● WHAT THE TASK REQUIRES: In the entries below, which lines run from the one with "Fototapeta premium A" through the one with "Detail van de"? Repeat exactly those, both included, and no pictures.

● DATA TO USE:
************

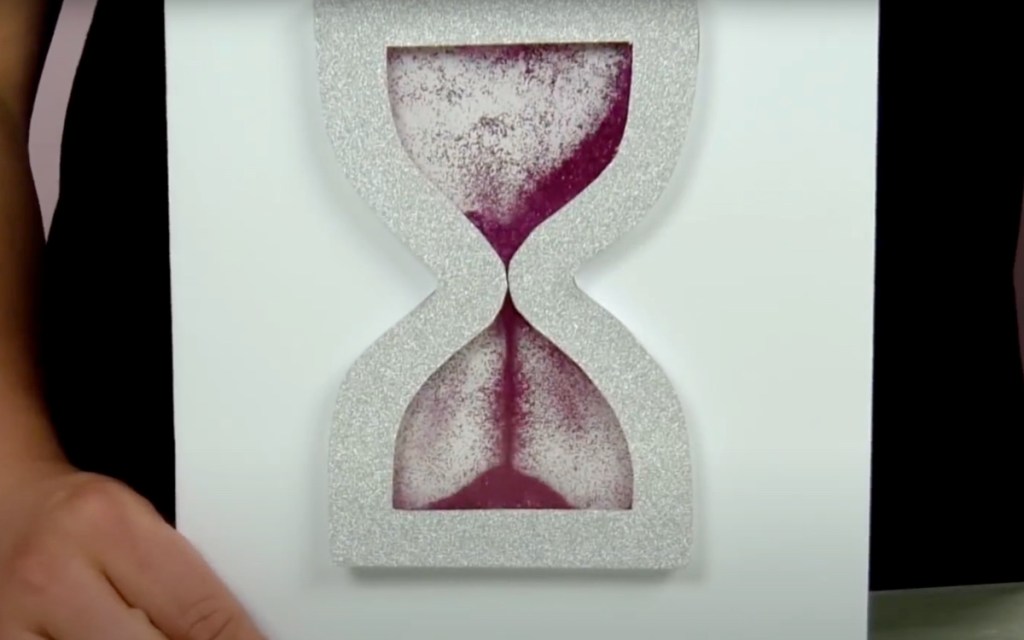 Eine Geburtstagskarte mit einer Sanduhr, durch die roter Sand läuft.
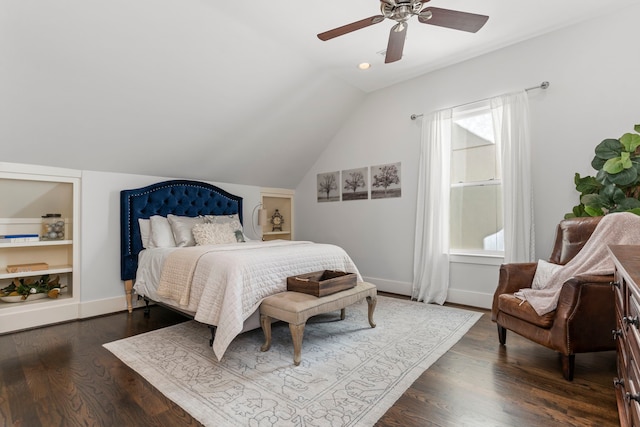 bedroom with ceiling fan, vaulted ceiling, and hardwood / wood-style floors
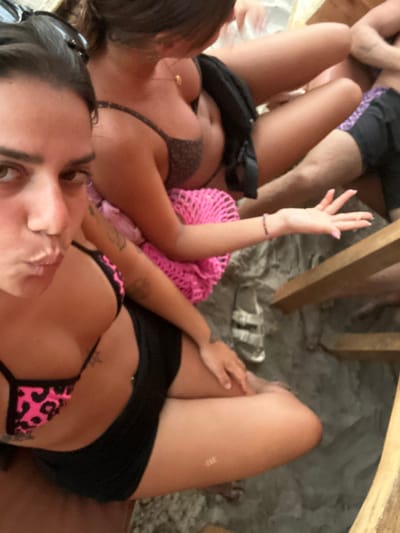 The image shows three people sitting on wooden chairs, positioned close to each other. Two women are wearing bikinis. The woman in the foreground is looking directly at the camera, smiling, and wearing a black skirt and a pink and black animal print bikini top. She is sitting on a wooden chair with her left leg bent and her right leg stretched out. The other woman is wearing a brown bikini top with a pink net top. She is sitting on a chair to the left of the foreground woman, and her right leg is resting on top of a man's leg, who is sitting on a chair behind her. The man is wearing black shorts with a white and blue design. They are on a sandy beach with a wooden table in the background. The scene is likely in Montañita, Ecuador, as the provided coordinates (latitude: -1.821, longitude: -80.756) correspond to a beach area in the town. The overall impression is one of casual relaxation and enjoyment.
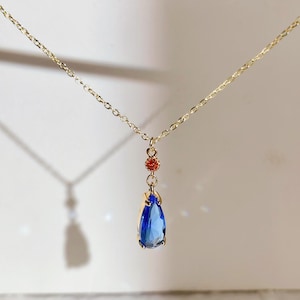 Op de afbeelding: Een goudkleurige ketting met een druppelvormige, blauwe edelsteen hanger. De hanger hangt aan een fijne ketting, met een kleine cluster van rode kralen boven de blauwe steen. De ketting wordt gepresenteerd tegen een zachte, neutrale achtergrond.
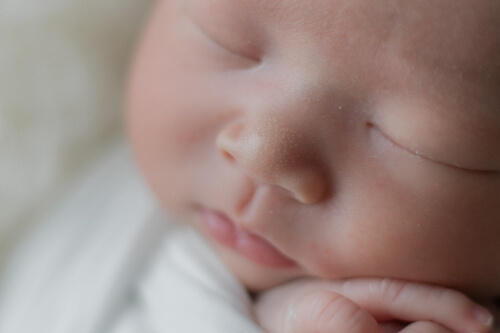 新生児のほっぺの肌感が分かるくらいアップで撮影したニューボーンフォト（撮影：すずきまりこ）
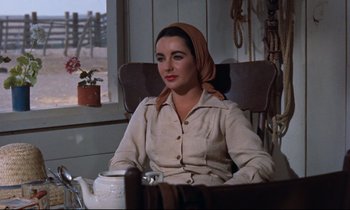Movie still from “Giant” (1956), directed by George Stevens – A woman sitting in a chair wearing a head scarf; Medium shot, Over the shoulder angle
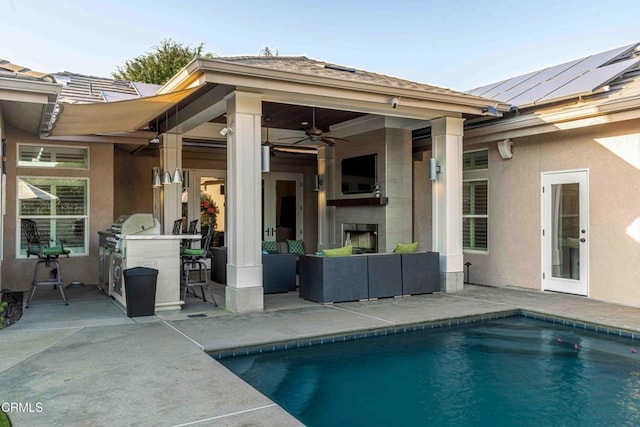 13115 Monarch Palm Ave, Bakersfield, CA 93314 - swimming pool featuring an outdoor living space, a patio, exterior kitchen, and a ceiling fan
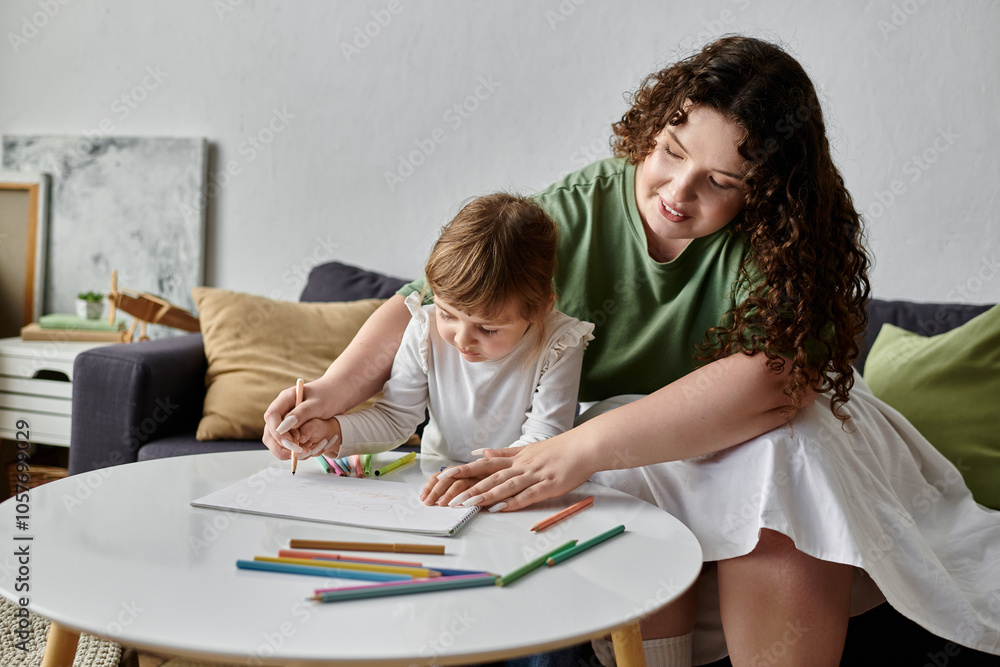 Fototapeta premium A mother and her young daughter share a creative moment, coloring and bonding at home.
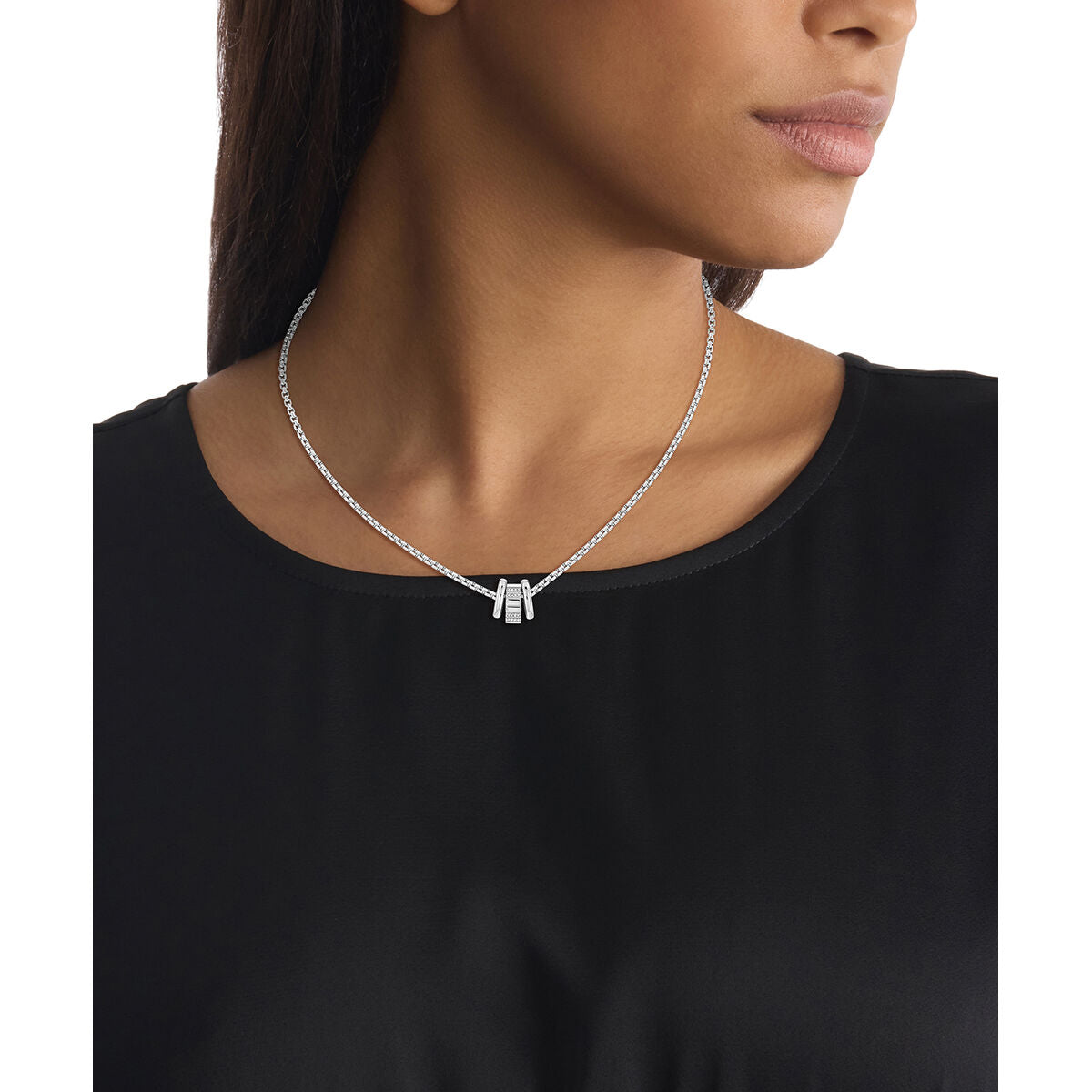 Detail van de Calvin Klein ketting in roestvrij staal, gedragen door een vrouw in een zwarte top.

************

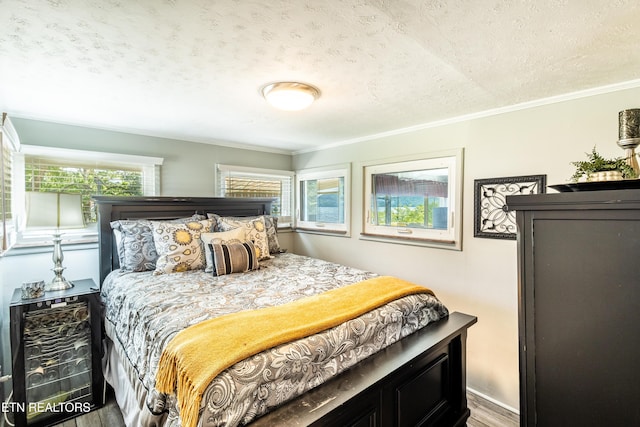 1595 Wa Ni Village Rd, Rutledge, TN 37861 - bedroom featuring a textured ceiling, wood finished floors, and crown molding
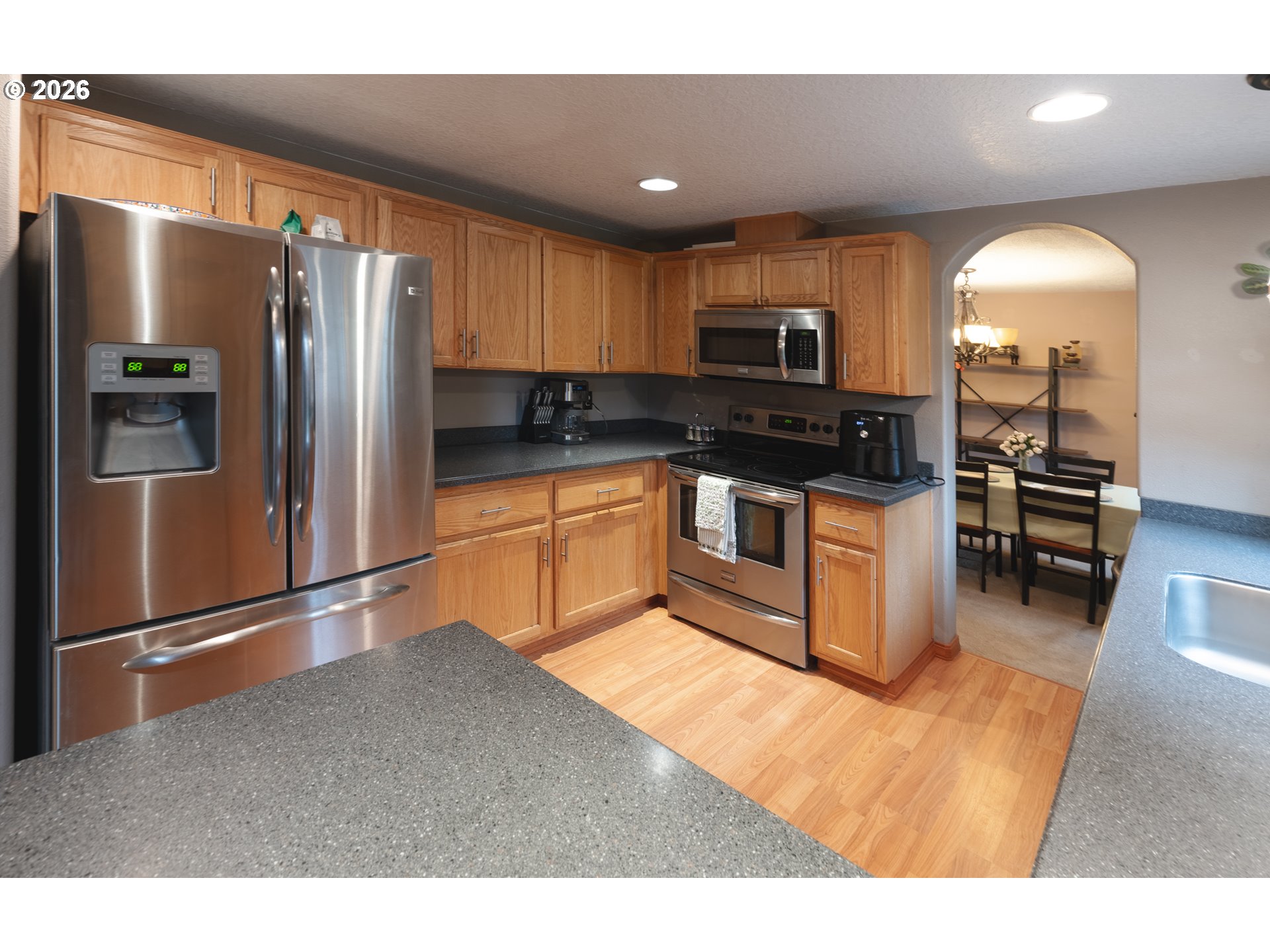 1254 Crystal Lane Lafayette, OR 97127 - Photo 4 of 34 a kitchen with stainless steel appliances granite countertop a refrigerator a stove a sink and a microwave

************

● EXERCISE RESPONSE:
 Fototapeta premium A mother and her young daughter share a creative moment, coloring and bonding at home.
 Detail van de Calvin Klein ketting in roestvrij staal, gedragen door een vrouw in een zwarte top.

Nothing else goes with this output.